Slavin’s name comes up often when people discuss Carolina’s suffocating defense and league-best penalty kill — it’s been perfect against New Jersey as the Hurricanes built a 3-1 series lead — but on Sunday, his teammates were talking about his offense.
That’s because Slavin combined his game awareness, smarts, skills and a perfect shot to deliver arguably the best play anyone will see this season — NHL, internationally, anywhere.
After a long shift in the Devils’ zone, Carolina began a line change.
“We had a little bit of O zone time there, and I knew they were tired and they were just trying to get the puck out,” Slavin said.
Devils defenseman Jonas Siegenthaler made a short pass to Stefan Noesen — a Hurricanes forward the previous three seasons — in between the faceoff circles in the New Jersey zone.
Noesen collected the puck and turned up ice, looking for an outlet pass out of the zone. Before Noesen even committed to the pass, Slavin’s stick was waving in the vicinity, looking to disrupt the play.
“I just tried to have a good gap and ended up knocking it out of the air,” Slavin said.
That’s standard fare for Slavin, whose stickwork and positioning are nightly masterclasses in defensive hockey.
What followed was an entirely new level of wizardry.
“I looked back, and I think everyone on our team was changing too,” Slavin said of all the space on the ice.
The left-handed Slavin located the puck to his right and swiped a backhand at it, knocking it ahead toward the left boards.

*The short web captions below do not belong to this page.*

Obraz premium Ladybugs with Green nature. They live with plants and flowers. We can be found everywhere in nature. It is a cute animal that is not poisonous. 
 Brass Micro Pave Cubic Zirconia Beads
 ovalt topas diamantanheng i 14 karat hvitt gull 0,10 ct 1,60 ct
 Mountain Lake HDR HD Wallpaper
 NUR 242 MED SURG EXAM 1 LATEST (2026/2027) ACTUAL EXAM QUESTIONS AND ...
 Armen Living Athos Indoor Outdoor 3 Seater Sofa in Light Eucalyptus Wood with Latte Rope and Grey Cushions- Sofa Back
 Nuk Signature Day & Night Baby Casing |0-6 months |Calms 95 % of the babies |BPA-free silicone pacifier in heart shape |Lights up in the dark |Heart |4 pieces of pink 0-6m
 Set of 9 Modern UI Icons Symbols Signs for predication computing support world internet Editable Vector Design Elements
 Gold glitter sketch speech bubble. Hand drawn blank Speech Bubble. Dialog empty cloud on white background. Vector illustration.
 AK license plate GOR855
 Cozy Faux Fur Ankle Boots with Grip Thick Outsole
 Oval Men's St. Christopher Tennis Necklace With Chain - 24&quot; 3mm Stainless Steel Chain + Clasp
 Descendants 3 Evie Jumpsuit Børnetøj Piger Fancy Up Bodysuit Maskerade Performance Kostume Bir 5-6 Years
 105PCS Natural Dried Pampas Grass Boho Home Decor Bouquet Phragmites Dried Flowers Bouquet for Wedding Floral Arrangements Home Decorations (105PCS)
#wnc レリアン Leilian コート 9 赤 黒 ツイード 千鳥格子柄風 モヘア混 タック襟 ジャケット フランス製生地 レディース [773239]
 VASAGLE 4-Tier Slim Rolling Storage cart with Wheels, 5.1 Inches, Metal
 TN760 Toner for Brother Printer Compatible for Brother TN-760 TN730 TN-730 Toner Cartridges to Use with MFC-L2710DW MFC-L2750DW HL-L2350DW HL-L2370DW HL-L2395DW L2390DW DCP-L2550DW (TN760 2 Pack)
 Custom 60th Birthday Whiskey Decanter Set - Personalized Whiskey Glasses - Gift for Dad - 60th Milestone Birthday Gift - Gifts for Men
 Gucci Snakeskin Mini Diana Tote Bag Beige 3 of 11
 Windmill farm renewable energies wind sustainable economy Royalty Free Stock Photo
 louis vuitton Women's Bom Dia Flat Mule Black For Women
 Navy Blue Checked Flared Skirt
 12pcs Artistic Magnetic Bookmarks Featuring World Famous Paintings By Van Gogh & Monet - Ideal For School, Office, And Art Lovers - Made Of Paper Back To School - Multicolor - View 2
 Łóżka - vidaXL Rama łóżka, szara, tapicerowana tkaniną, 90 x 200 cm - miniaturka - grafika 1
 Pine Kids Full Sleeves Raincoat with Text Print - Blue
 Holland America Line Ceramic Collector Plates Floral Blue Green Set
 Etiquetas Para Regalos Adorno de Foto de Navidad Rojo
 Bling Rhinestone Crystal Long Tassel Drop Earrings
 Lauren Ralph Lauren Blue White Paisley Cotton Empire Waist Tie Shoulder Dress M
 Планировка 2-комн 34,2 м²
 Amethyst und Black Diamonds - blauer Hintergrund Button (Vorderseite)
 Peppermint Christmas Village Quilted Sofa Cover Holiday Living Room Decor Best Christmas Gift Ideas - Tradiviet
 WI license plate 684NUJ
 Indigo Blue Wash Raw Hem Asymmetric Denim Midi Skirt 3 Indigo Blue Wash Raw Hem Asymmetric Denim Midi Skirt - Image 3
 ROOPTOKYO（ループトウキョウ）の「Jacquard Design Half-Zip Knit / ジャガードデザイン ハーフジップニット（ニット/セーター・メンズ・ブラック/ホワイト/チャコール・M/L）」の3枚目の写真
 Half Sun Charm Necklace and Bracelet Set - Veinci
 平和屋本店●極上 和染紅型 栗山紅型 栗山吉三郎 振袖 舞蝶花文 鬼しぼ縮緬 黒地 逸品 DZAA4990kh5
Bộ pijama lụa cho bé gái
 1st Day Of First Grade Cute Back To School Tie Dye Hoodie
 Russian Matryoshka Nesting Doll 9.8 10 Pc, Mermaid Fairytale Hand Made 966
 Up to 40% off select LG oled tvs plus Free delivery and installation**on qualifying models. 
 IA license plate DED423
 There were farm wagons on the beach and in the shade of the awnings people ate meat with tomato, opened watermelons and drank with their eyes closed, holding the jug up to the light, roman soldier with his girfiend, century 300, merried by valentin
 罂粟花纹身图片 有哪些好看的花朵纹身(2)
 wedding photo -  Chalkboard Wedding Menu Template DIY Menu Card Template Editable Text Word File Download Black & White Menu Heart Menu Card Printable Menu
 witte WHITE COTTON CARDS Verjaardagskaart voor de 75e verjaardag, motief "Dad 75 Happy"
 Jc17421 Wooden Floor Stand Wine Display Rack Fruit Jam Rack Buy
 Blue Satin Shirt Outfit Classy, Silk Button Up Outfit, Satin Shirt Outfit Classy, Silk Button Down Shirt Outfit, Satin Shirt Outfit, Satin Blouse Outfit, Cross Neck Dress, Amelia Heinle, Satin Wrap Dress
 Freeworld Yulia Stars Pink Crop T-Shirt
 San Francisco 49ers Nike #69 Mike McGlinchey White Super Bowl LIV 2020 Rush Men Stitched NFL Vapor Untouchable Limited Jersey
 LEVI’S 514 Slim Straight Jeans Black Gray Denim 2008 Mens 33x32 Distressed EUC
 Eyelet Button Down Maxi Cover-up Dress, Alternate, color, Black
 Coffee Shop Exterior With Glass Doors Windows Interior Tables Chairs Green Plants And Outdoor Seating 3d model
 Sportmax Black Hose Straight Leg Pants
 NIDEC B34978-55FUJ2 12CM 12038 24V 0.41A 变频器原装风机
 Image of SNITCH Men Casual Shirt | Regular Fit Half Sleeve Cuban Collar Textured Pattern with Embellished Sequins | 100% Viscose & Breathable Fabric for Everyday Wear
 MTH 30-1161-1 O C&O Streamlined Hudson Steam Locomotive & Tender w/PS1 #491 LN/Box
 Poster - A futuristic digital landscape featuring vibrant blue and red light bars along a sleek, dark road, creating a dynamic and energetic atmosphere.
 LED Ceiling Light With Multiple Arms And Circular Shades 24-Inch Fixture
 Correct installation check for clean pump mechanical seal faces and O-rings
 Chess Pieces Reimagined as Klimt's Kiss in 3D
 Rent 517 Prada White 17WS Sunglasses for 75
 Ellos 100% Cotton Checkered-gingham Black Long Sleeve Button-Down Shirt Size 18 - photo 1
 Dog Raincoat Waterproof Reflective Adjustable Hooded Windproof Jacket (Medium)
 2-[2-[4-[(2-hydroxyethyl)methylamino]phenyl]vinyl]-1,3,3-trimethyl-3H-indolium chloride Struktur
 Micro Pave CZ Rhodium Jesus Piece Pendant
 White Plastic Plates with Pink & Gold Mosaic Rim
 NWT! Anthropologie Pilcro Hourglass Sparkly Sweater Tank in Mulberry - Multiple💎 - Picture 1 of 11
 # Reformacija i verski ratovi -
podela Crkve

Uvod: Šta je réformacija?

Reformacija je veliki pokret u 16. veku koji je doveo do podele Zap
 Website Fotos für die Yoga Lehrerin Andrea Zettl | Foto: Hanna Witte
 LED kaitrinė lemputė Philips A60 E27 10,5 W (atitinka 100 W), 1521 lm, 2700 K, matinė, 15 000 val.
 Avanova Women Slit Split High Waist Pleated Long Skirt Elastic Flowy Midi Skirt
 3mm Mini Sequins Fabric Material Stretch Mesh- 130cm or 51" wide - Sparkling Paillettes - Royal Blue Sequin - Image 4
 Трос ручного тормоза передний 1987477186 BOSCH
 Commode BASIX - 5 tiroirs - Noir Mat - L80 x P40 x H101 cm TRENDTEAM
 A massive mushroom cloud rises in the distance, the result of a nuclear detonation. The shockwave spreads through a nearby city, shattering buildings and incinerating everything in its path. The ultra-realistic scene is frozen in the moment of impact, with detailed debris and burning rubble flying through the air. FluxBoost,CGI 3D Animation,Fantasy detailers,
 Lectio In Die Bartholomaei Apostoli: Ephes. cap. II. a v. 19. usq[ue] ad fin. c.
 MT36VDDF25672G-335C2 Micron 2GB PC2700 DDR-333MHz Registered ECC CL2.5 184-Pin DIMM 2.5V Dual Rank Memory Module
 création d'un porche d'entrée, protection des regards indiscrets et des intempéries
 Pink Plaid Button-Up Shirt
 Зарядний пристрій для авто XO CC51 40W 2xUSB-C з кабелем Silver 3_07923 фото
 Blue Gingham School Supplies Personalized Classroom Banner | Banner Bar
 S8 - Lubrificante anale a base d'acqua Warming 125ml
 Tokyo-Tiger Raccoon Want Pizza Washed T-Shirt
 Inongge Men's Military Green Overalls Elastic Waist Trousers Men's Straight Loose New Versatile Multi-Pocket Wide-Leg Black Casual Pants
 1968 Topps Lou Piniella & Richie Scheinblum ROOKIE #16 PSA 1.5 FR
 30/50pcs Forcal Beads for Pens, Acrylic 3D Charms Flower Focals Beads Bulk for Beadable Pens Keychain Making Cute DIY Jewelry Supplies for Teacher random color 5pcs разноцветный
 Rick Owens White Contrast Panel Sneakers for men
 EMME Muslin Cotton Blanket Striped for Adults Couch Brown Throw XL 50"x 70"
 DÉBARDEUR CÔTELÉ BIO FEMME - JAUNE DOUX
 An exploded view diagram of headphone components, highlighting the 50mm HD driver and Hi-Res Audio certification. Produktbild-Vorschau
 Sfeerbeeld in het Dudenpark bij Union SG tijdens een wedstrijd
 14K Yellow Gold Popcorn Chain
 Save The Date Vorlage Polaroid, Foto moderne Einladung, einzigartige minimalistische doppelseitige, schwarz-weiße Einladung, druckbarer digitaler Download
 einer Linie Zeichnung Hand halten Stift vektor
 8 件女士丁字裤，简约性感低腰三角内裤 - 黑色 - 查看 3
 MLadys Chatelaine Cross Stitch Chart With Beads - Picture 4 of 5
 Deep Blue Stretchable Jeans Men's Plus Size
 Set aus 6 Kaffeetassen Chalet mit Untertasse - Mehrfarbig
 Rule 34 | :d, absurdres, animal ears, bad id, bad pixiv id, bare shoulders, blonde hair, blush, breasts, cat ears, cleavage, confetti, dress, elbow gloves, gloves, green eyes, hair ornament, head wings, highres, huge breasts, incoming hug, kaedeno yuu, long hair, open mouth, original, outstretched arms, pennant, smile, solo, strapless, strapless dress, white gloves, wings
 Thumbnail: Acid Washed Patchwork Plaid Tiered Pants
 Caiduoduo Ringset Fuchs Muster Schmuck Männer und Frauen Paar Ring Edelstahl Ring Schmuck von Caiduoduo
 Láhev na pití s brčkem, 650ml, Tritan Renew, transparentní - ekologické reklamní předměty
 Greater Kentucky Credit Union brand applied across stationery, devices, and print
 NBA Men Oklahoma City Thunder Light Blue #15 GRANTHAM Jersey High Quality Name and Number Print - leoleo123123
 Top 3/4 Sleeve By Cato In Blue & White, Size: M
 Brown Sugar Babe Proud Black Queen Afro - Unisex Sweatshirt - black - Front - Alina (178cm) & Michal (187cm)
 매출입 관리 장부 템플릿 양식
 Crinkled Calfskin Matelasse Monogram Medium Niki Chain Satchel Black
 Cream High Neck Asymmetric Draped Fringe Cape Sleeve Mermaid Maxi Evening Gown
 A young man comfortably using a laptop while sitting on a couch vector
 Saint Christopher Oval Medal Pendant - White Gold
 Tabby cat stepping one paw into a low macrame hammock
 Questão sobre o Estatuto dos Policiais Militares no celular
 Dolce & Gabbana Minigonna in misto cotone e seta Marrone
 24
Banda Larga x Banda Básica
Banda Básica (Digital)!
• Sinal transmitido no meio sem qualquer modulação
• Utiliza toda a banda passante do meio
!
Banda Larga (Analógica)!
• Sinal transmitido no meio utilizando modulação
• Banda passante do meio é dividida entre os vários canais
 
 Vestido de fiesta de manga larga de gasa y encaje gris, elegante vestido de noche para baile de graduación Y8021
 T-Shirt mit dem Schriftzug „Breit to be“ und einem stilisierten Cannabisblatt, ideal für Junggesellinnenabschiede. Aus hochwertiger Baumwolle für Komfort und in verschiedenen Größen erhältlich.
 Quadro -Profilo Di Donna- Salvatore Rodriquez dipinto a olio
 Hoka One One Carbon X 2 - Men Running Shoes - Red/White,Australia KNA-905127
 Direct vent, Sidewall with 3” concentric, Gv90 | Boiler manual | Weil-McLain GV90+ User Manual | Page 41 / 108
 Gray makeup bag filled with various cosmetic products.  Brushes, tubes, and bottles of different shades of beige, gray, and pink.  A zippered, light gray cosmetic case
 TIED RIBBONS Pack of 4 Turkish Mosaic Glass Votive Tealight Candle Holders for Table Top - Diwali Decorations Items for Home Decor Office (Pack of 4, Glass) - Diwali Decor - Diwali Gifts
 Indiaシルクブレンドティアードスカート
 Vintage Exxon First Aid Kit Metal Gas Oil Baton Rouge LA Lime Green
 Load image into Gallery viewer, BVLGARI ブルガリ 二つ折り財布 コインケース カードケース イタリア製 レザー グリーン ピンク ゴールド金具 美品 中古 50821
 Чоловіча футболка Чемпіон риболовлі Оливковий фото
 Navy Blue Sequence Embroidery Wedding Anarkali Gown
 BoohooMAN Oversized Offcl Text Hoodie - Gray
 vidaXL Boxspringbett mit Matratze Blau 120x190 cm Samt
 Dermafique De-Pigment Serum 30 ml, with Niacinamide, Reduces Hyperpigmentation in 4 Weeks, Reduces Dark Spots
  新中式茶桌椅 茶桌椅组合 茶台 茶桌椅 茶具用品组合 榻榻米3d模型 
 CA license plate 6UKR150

He windmilled his stick over Noesen, accelerated to the loose puck and took a peek at Siegenthaler, who was closing to snuff out the quick-developing play.
Without a route to the net, Slavin took two quick strides parallel to the boards, coasted to near the bottom of the circle, and …
“I just tried and throw it at the net and got lucky.”
Devils goalie Jacob Markstrom, all 6-foot-6 of him, had, like Siegenthaler, assessed the threat and played the percentages, hugging his right post to take away any window of a shot for Slavin.
But he left a Death Star-esque, puck-sized opening over his right shoulder next to his ear, and Slavin somehow found the one weakness like he was … well, bull’s-eyeing womp rats back home to give the Hurricanes a 2-0 lead before the first period was half over.
“It’s the play to get the goal,” Hurricanes coach Rod Brind’Amour said. “It’s elite, and it’s how he reads the play.
“He realized we’ve been in there for a while, that they’re changing, and it’s an easy time to take advantage of maybe stepping up on a player. All that stuff. And then to make the play, the rest of it. I can’t really say much more about Jaccob.”
It was a reminder that Slavin, the NHL’s best shutdown defender, also has a trick or two up his sleeve in the offensive zone.
“What can you say about that guy?” Staal said. “I mean, he can do it all.”